H and InH

After a frustrating half hour in the bank trying to get new plastic, (what happens is, you go in and the person there rings a call centre on your behalf, and they get told contradictory bollocks, just as you would be if you rang the call centre yourself; they have to ring back and try to be polite whilst someone on the other end talks more gibberish, and eventually sends for a manager fluent in gibberish, and, oh my God...!)

Anyway, after this, one of the many incidents in life which bruise the soul, I went to catch the Subway back up to the West End and chewed it over.

The best mental approach to dealing with the vicissitudes of the job I did at Leeds in July as a summer school centre manager was to imagine it as a PC game, not unlike Caesar III, say: Your mission is to manage a summer school full of unruly Italian teenagers and their psychotic teachers... And so when a teacher phoned in sick or myalgia was breaking out amongst the kids or the activities leader was showing advanced signs of mental illness, well, it was all just an algorithm.
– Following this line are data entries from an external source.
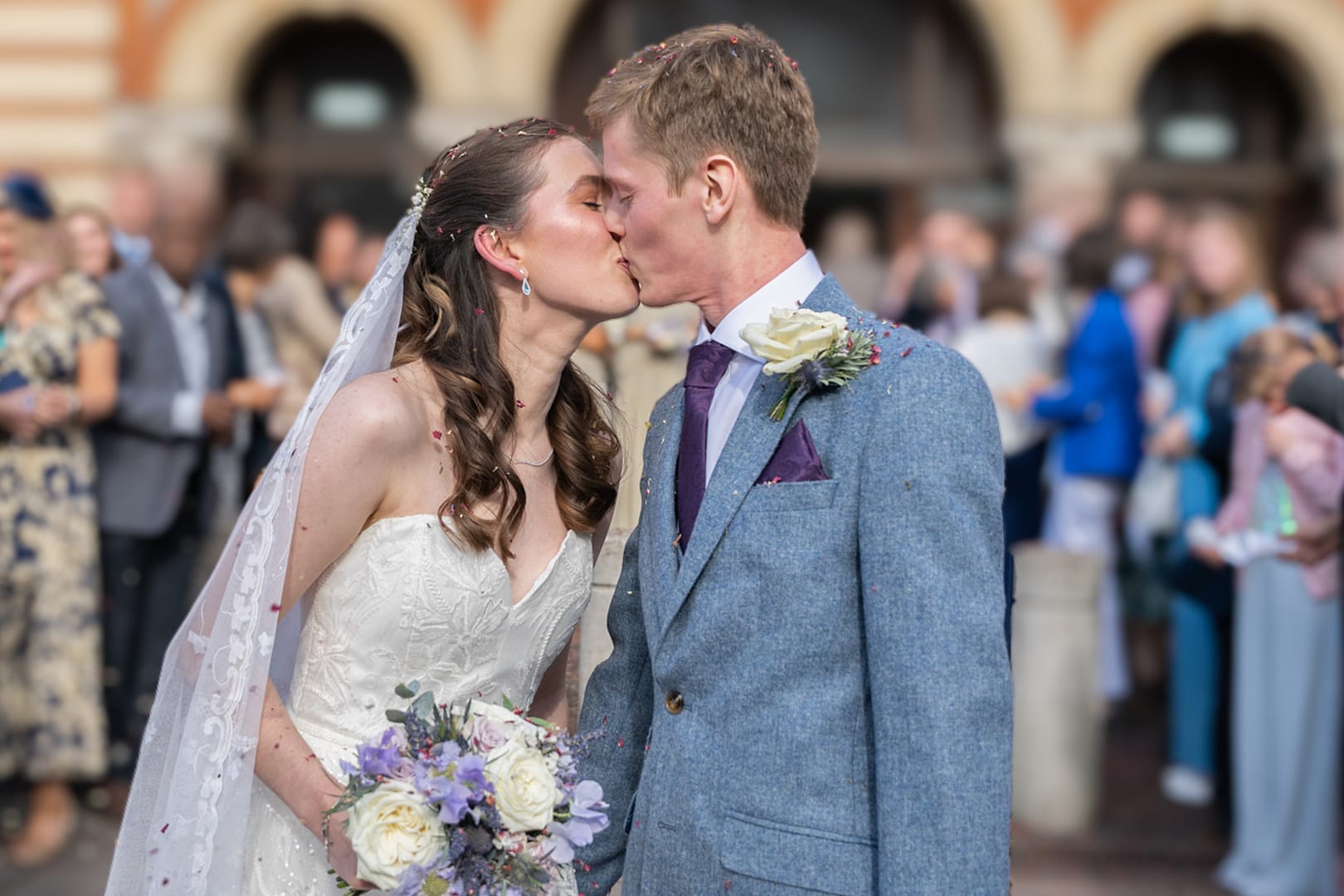 bride and groom kissing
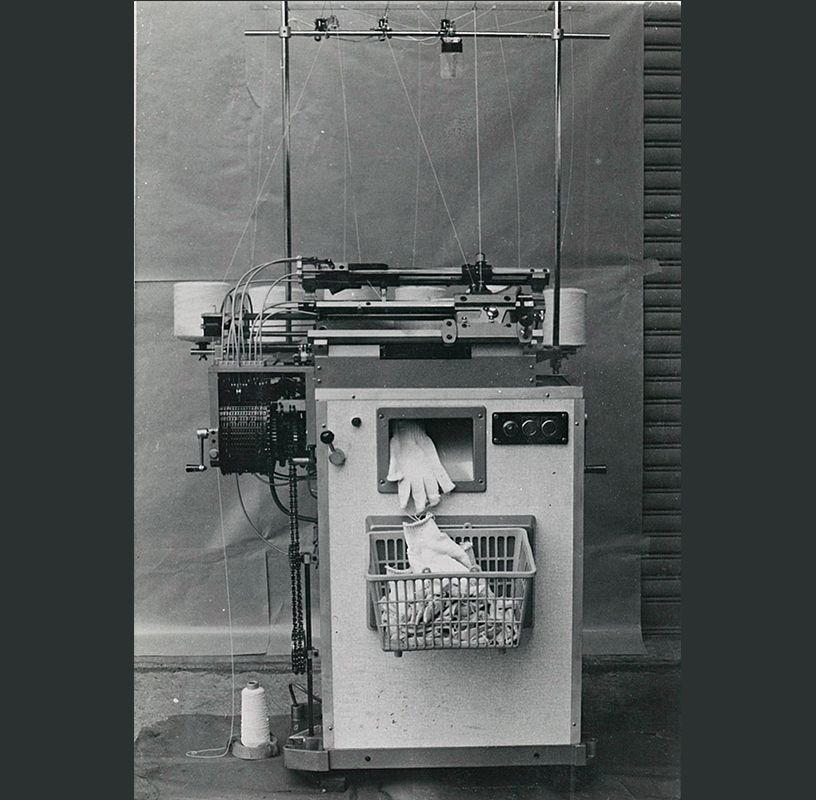 Development of the world's first fully automated glove knitting machine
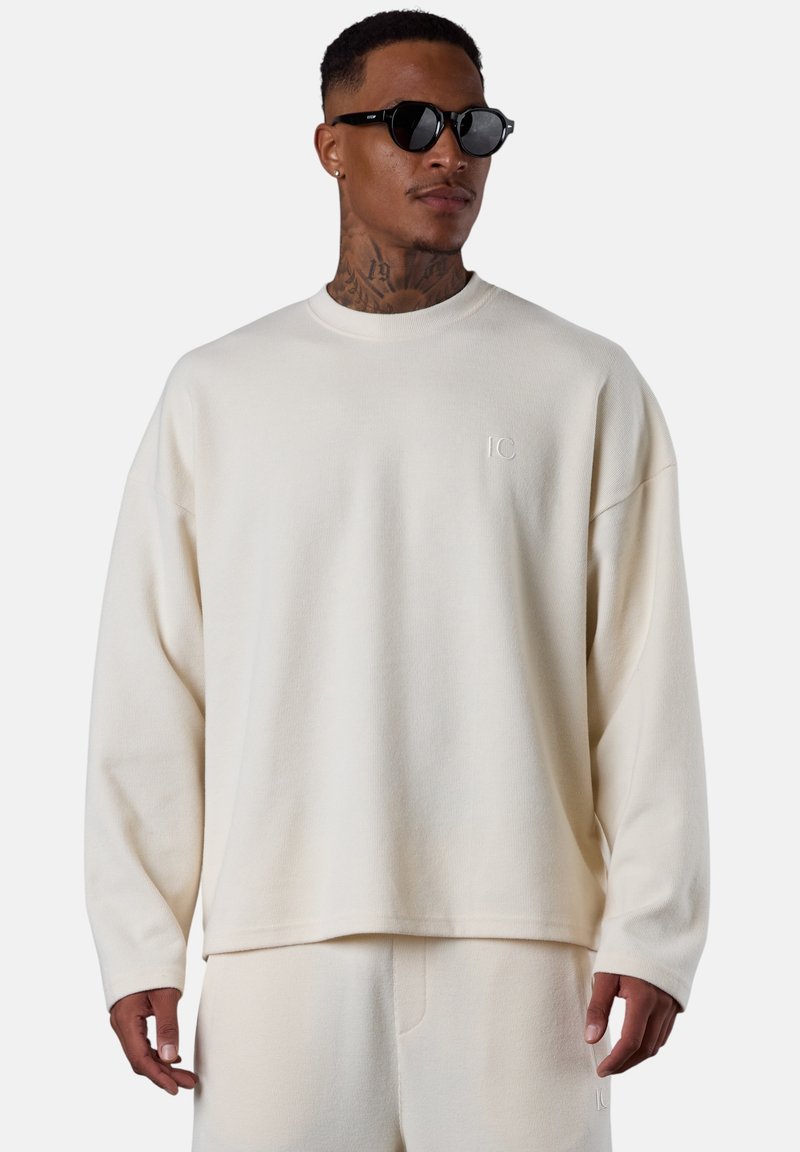 Man wearing cream-colored long-sleeve top and matching pants, black sunglasses, with neck and hand tattoos, standing against a plain background.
Stand back, click of the mouse here and there and, usually, it works. Like a real-time game, there are no instant fixes, you have to set things going a certain way and watch carefully, is it working?

By extension, this approach can help one deal with all of life's annoyances. Just imagine a big, complex, real-time strategy game called Life III: Your mission: to get through the day without telling anyone to fuck off. And then the half hour in the bank is no longer something that makes you want to punch walls, it's merely a game problem to solve. Chill out, it's not like it's real life or anything.
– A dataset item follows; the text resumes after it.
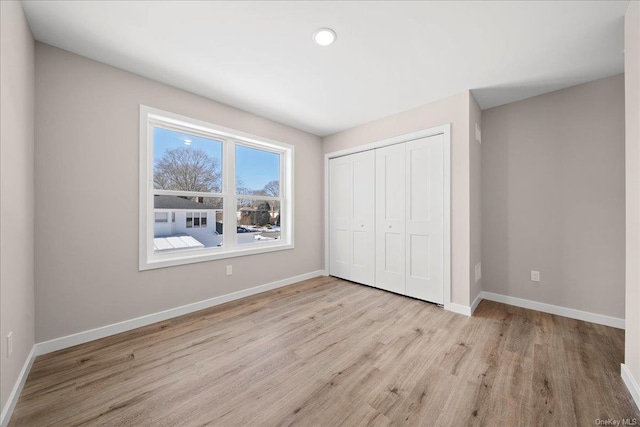 unfurnished bedroom with light hardwood / wood-style floors and a closet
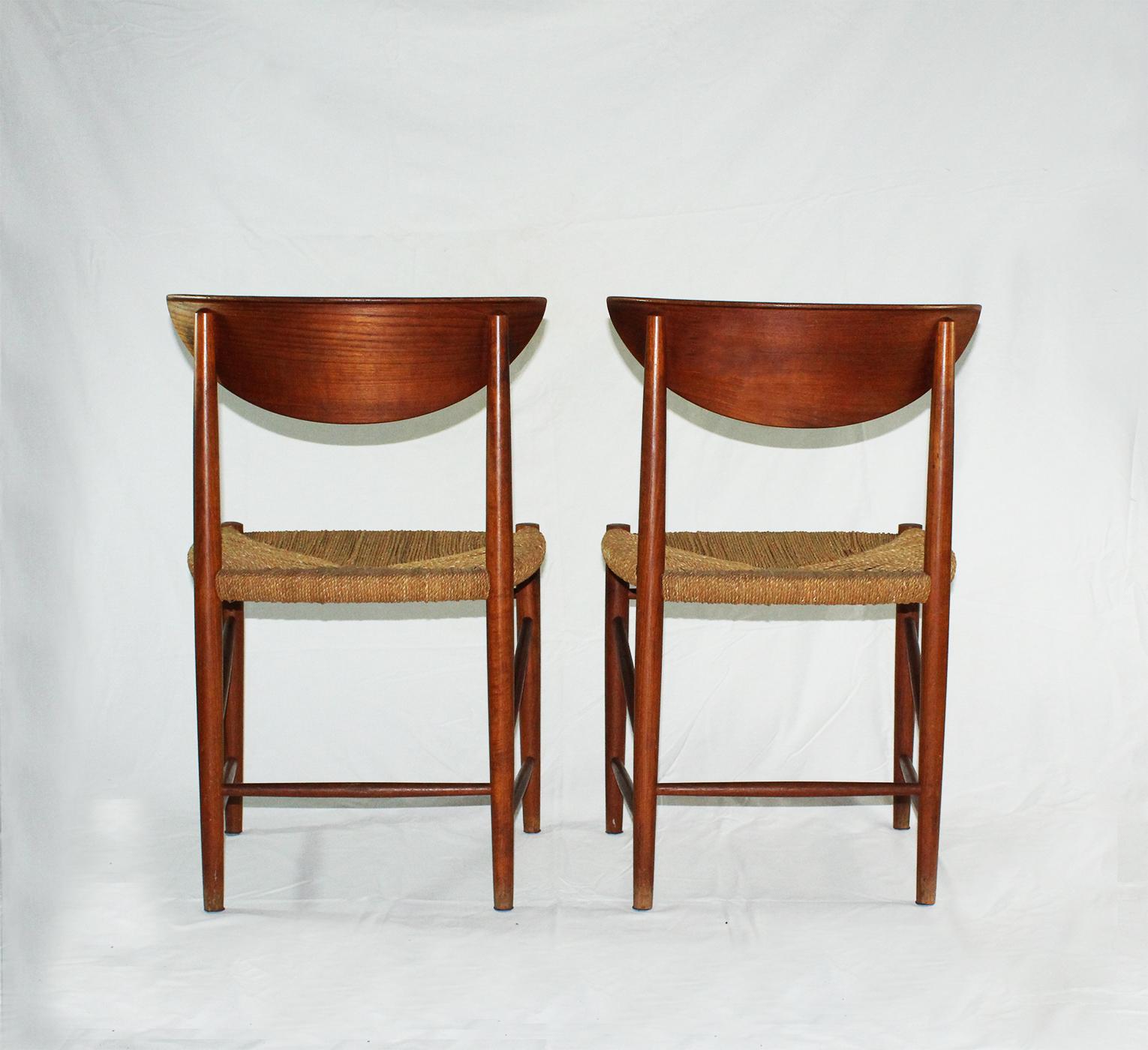 Set of two midcentury Danish dining chairs in teak and papercord designed by Peter Hvidt and Orla Mølgaard Nielsen for Søborg Møbelfabrik, model 316 in the 1950s. Papercord and frame are original. Good vintage Scandinavian chairs.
And this last thought brought me to what feels like a Really Good Idea. Divide all activity into Human and InHuman. The first category is everything you do that doesn't have you looking at your watch hoping it will pass quickly. So, listening to music, reading for pleasure, singing, dancing, chatting, making love... The InHuman is all the rest of it: the bullshit meetings at work, the call centres, most shopping. Everyone can write their own lists of what's H and InH, but I suspect there'd be little disagreement on what activities go into which category.

Then, when you're doing InH things, (and inevitably you must), remember, it's not real. H stuff is real. The InH stuff, just get through it, it's a game; to pass the time, subvert it: and that's the big strategy of the game Life III: to reduce the InH time as much as possible, to make InH into H. And to spend as much of your time on earth being a human being as you possibly can.

Or something.

Comments

  1. It's an interesting theory. I suppose at the moment I'm pretty much exclusively in H territory (having to iron shirts on the floor using a towel for a board is arguably InH). Living abroad for short periods is about as H as you can get.